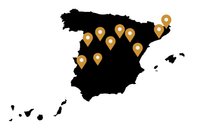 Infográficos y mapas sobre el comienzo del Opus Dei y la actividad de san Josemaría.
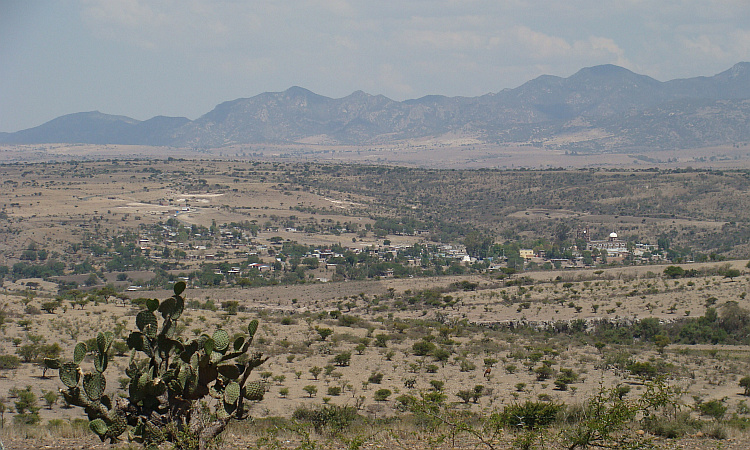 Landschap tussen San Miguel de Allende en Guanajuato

* * *

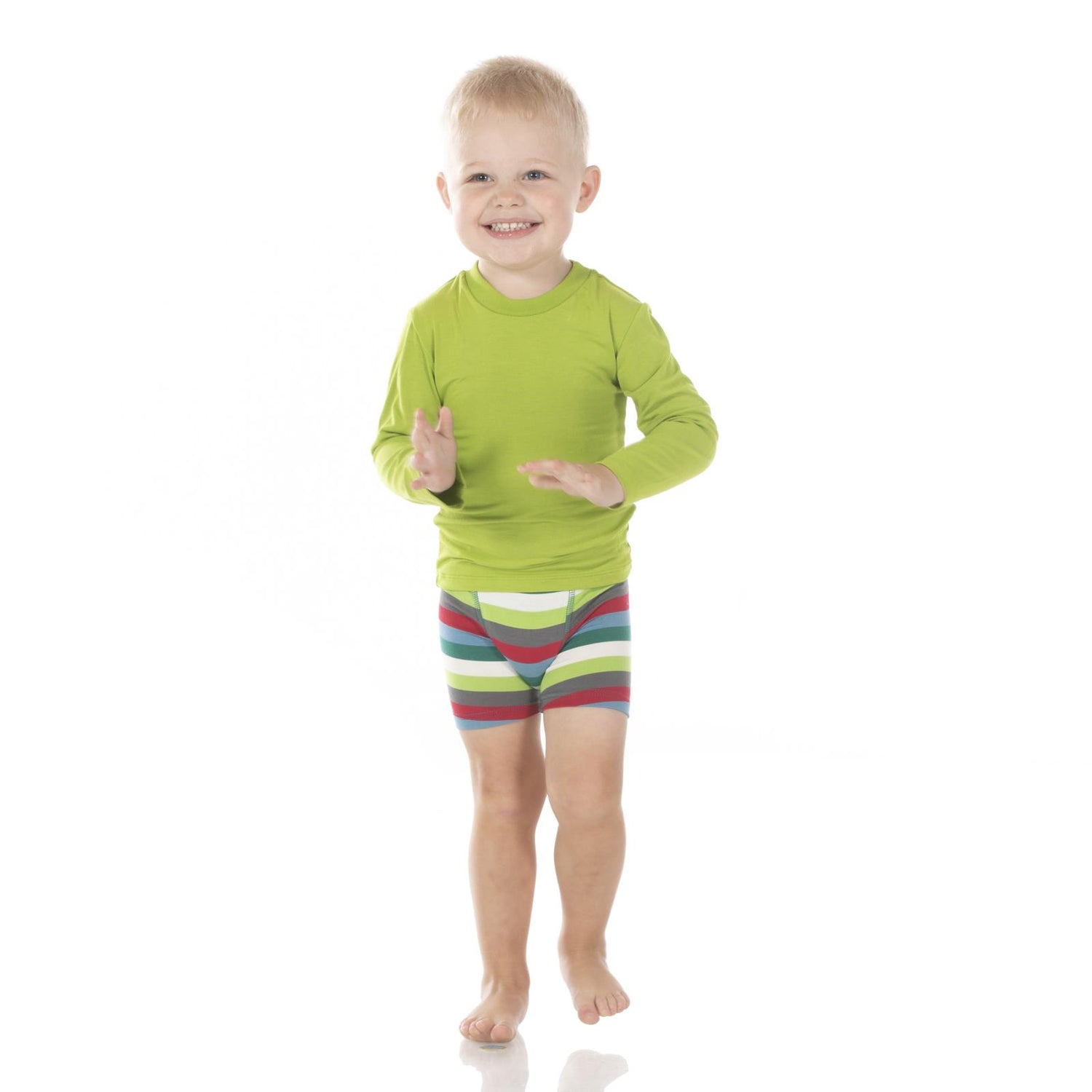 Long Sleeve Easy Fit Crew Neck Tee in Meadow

THE TASK:
The reply should hold exactly the lines above, starting at the line with "Infográficos y mapas" and ending at the line with "Landschap tussen San", and no pictures.

SOLUTION TO THIS PROBLEM:
 Infográficos y mapas sobre el comienzo del Opus Dei y la actividad de san Josemaría.
 Landschap tussen San Miguel de Allende en Guanajuato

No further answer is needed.